Why and how we changed the way we support FT.com

Tatiana Stantonian
FT Product & Technology
4 min readMay 13, 2020

A smaller and more consistent team that focuses on triaging, urgent issues, and recurring pain points.

Every day, FT.com publishes over 100 articles and about 25 developers work on maintaining and improving the site. One of our teams is dedicated to dealing with bugs and incidents reported for FT.com, and is nicknamed “Ops Cops”.

Product teams used to take on the Ops Cops role for a week at a time

Until last August, Ops Cops didn’t have any permanent members and its duties were handled in turn by the various product teams within FT.com, who would interrupt their usual mission work for a week to focus on incoming bugs and incidents. The developers would be in charge of responding to any reports, as well as tracking and resolving them. Every week, there would be a handover meeting to discuss any unfinished tickets with the next product team that was about to take on the role of Ops Cops. That system had the advantage of being quite easy to manage, with each team taking on this role every 5 or 6 weeks.

However, it also had drawbacks:

  • Bugs would go to Ops Cops regardless of which FT.com app they belonged to. That means that the developers that were familiar with the bits of the codebase where the bug occurred and had recently changed them were not usually the ones to fix them. The impact of that was that teams were not actively aware of the technical debt they were creating.
  • Developers also spent time doing admin work such as creating Trello cards, responding to people reporting the incident, and updating them on the status of their issue, creating interruptions and distractions from the technical work required to solve them.
  • There was a lack of consistency and attention to recurring issues, due to the fact that no one spent more than a week on Ops Cops at a time.
  • During shifts there was a disconnect within product teams as Product Managers and Delivery Managers were not involved in Ops Cops work, but their developers were not available to progress product work either.
  • And finally, team sizes were uneven, which means some weeks three engineers would be on Ops Cops and others up to seven, and there wasn’t always enough work for that many people.
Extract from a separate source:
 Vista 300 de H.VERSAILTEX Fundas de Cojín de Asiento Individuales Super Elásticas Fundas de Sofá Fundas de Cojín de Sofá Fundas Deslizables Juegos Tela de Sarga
We created two permanent OpsCops positions, assisted by engineers rotating in

Last summer, we decided to change how Ops Cops works in two important ways:

  • Ops Cops now has a dedicated Delivery Manager and Tech Lead and two engineers on rotation, coming from different product teams.
  • Ops Cops started delegating non-urgent issues to product teams. This was a two step process: initially only bugs on applications that product teams were actively working on or familiar with were delegated, and Ops Cops dealt with any bugs happening on ‘unowned’ apps. Now, we are moving towards there being no ‘unowned apps’; all apps will be owned by a product team, so all non-urgent bugs are progressively being delegated to product teams too.

Bugs are tackled more efficiently and pain points are addressed

Because product teams deal with the defects that occur on their own applications, they have context to solve them more quickly than Ops Cops would, and the learnings derived can inform their future changes. And although that does add to their workload, they also have more people to tackle it as they don’t need to dedicate all their developers (up to seven people) to Ops Cops for a full week at a time every 5 or 6 weeks. In the new system, devs from product teams only spend about one week per quarter on Ops Cops, where it used to be twice as much.

Having permanent members has also helped share context from week to week with developers on rotation, prioritise issues consistently, and set OKRs to address pain points and recurring bugs. Since moving to this system, OpsCops has spent time tackling constantly red healthchecks and the noisiest alerts. We’ve built a dashboard allowing us to see immediately if there was an error spike. We’ve also built a tool to allow the product support team to self-serve epaper subscription cancellations, which involved a very small task that developers had to manually do, with requests coming in almost daily.

Image of a monitoring screen in FT’s offices
Ops Cops’ monitoring screen. Remember offices?

Devs can also focus on their technical work and avoid needless interruptions as the delivery manager is the first port of call for reporters of issues — they acknowledge the issue has been recorded, and create a JIRA card to track progress. All developers have to do is to pick up cards from the JIRA board and document their findings.

We’ve had very good feedback from the developers on OpsCops rotation, who have overwhelmingly said they prefer this system. The consistency brought by having a permanent tech lead and delivery manager has also been appreciated in the wider business, such as the operations and reliability team and various other support teams, as they now have a ‘go to’ person that represents Ops Cops for FT.com.

Next step: delegating all low impact bugs to product teams

At the beginning of July, Ops Cops will be moving to a system where all low impact bugs will be tackled by a product team. This means a Product Manager, who is familiar with the users of said product, will be able to prioritise these issues alongside their mission work. They can also prioritise the work to reduce tech debt on applications that have a lot of issues.

Ops Cops will remain the first port of call for all FT.com support requests and will be responsible for assessing the impact of issues and delegating them to the relevant product team if it’s a low impact bug. We will be immediately available to tackle major and high impact issues such as outages or serious usability issues, which cannot wait.